*** Begin section ***
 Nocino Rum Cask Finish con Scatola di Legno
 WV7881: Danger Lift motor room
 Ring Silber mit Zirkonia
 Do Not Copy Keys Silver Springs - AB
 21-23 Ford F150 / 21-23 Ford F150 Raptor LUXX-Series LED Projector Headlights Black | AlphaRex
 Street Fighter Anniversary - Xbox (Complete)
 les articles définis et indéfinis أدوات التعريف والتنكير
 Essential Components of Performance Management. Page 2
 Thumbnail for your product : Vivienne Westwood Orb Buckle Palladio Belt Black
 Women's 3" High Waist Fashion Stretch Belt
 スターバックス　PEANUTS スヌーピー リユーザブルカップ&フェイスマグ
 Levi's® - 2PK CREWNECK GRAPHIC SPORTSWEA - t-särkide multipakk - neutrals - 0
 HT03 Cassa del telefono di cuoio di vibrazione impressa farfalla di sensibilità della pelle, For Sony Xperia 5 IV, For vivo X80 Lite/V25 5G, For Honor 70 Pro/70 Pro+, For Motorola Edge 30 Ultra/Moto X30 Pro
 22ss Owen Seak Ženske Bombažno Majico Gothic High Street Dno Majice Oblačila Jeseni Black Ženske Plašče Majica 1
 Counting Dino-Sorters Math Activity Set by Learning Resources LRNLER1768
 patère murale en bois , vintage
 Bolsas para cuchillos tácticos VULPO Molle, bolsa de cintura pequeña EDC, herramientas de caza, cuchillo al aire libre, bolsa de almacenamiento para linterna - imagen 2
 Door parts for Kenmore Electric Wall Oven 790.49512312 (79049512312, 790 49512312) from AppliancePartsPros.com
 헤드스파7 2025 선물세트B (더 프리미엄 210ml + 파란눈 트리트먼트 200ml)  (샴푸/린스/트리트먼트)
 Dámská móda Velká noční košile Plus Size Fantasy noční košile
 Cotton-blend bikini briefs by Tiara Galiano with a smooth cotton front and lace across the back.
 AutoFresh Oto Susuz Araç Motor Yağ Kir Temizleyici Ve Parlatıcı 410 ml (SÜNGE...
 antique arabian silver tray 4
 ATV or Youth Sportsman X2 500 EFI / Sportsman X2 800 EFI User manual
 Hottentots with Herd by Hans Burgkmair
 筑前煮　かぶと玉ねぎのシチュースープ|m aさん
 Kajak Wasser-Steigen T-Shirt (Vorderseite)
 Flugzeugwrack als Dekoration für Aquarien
*** End section ***
**Problem to work on:**
Copy every line of the entries above in which "Street" occurs.

**Exercise solution:**
 Street Fighter Anniversary - Xbox (Complete)
 22ss Owen Seak Ženske Bombažno Majico Gothic High Street Dno Majice Oblačila Jeseni Black Ženske Plašče Majica 1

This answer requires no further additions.